Paris 11/1/2015, uma miragem de utopia
Líderes mundiais e muitos milhares de anónimos mostraram uma rara unidade sem iludir as diferenças.
Se no início de Janeiro alguém dissesse que mais de meia centena de líderes mundiais iriam desfilar em Paris, com pouca atenção aos protocolos, no meio de uma gigantesca manifestação popular, ninguém acreditaria. E, no entanto, um inominável crime fez com isso se tornasse possível em poucos dias, com muito pouco tempo de preparação mas uma vontade que (sem descurar as normas de segurança) afastou todos os obstáculos. Havendo um sentido comum na manifestação, a rejeição do terror e a defesa pública da liberdade contra os seus inimigos, um dos aspectos mais notáveis da marcha foi a não diluição das diferenças, que cada qual se orgulhou de exibir, desde as muitas bandeiras às vestes ou às siglas. Muçulmanos com dísticos dizendo “Não em meu nome” ou “Tem calma, sou muçulmano, não sou um terrorista”, outros empunhando cartazes com frases como “As religiões unidas contra o ódio”, “Vivamos todos em conjunto”, “Sou judeu, sou muçulmano, sou polícia, sou francês”. Ou simplesmente isto: “Sou humano”.

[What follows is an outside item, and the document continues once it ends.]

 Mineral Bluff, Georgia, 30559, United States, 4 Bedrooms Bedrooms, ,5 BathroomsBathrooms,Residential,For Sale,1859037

E, no entanto, estiveram em Paris, “sendo Charlie”, líderes de países onde jornalistas e bloggers são perseguidos, como assinalou a organização repórteres Sem Fronteiras (é o caso do Egipto, a Rússia, a Turquia ou os Emirados Árabes Unidos. E estiveram juntos, no que deveria ser um bom sinal mas decerto não passará de um episódio passageiro, Mahmoud Abbas e Benjamin Netanyahu, protagonistas máximos de um conflito que se arrasta há décadas sem solução, o que opõe Israel e a Palestina. E, não em Paris, mas em Beaucaire, no sul da França, Marine Le Pen “foi” também Charlie contra o “terrorismo islamista”, contando tirar dividendos políticos a prazo do medo instalado (Manuel Valls cometeu o erro de declarar que a Frente Nacional não seria bem-vinda à manifestação, oferecendo de bandeja a Marine Le Pen o papel de “rejeitada” da unidade francesa). Contudo, nada disto toldou o essencial: a demonstração, inequívoca, de uma vontade de paz e liberdade contra o terrorismo e todo o tipo de xenofobias. Não apenas contra as que hostilizam judeus e os muçulmanos, mas contra o desrespeito pelas diferenças.
Dito isto, e cumprida de forma miraculosamente segura a manifestação onde França serviu de palco a legítimos desejos do mundo, há outras páginas que é necessário virar. A par do combate, que não poderá abrandar, ao racismo e à xenofobia, é preciso deixar de olhar para as contínuas viagens dos jihadistas a campos de treino ou a cenários de guerra como se se tratassem de simples viagens de estudantes em fim de curso, com os seus episódios rocambolescos e anedotas juvenis. É preciso, sem cair numa paranóia securitária indesejável, estar mais atento aos sinais de perigo de modo a poupar vidas, as dos potenciais alvos e até as dos presumíveis atacantes. Com duas cimeiras contra o terrorismo no horizonte próximo, a primeira a 12 de Fevereiro na União Europeia e a segunda seis dias depois nos Estados Unidos, é importante que haja respostas para o que agora sucedeu: combatendo o medo, a insegurança e pondo acima de tudo a liberdade.